YOU CAN MAKE A DIFFERENCE:
E-mail or call Governor Schwarzenegger to ask that he stay Kevin Cooper’s
scheduled execution.
Governor Arnold Schwarzenegger
State Capitol Building
Sacramento, CA 95814
Phone: 916-445-2841
Fax: 916-445-4633
Email: governor@governor.ca.gov
SAVE KEVIN COOPER
http://www.savekevincooper.org/
***************
http://www.nodeathpenalty.org/factsheets/kevinCooper.html
KEVIN COOPER
A CASE FULL OF HOLES
On the night of June 4, 1983, three members of the Ryen family and a
houseguest were murdered in San Bernadino County. Eight year-old Josh Ryen survived to
tell police that three white or Hispanic men had killed his family and
attacked him. Kevin Cooper, an African-American man, now sits on death row for this
crime. Kevin could face execution despite the fact that the case against him
is full of holes.
The authorities claim that recent DNA tests link four pieces of evidence to
Kevin and the crime. But this evidence has been mishandled and very likely
tampered with. Destruction of evidence and police misconduct have played a part in
the case from the beginning, but neither Kevin nor his attorneys knew the
extent of the mishandling of evidence prior to signing the DNA testing agreement.

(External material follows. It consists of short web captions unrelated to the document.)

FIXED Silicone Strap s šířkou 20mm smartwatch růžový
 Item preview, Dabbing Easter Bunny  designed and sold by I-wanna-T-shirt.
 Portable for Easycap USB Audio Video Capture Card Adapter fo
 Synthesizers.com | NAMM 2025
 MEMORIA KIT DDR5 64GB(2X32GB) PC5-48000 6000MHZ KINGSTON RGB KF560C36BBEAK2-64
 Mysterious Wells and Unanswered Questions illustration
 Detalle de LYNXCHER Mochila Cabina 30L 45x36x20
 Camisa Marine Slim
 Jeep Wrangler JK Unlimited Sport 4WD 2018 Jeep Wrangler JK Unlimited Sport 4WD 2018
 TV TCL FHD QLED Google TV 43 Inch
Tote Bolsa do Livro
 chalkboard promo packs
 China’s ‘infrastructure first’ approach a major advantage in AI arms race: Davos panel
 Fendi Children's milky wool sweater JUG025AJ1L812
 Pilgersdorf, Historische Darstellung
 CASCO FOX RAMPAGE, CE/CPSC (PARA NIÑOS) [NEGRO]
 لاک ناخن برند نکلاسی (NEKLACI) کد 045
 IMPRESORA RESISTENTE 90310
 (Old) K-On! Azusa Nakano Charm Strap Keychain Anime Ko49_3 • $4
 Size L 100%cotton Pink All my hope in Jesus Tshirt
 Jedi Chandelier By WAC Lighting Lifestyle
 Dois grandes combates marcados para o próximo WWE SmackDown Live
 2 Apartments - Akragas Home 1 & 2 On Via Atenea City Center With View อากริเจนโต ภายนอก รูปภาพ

Kevin's defense attorneys are attempting to bring this information before the
court through an Integrity of Evidence hearing. They are also attempting to
do further testing on blond hair that was found in one of the victims' hands.
The Campaign to End the Death Penalty and Kevin's supporters ask you to
review the following facts and decide for yourself whether Kevin's guilt has been
established "beyond a reasonable doubt", as the state claims.
The Case:
• Josh Ryen, sole survivor of the attack, has always maintained that
three white or Hispanic men killed his family. Josh and his grandmother have
supported Kevin Cooper's defense team and question Kevin's guilt.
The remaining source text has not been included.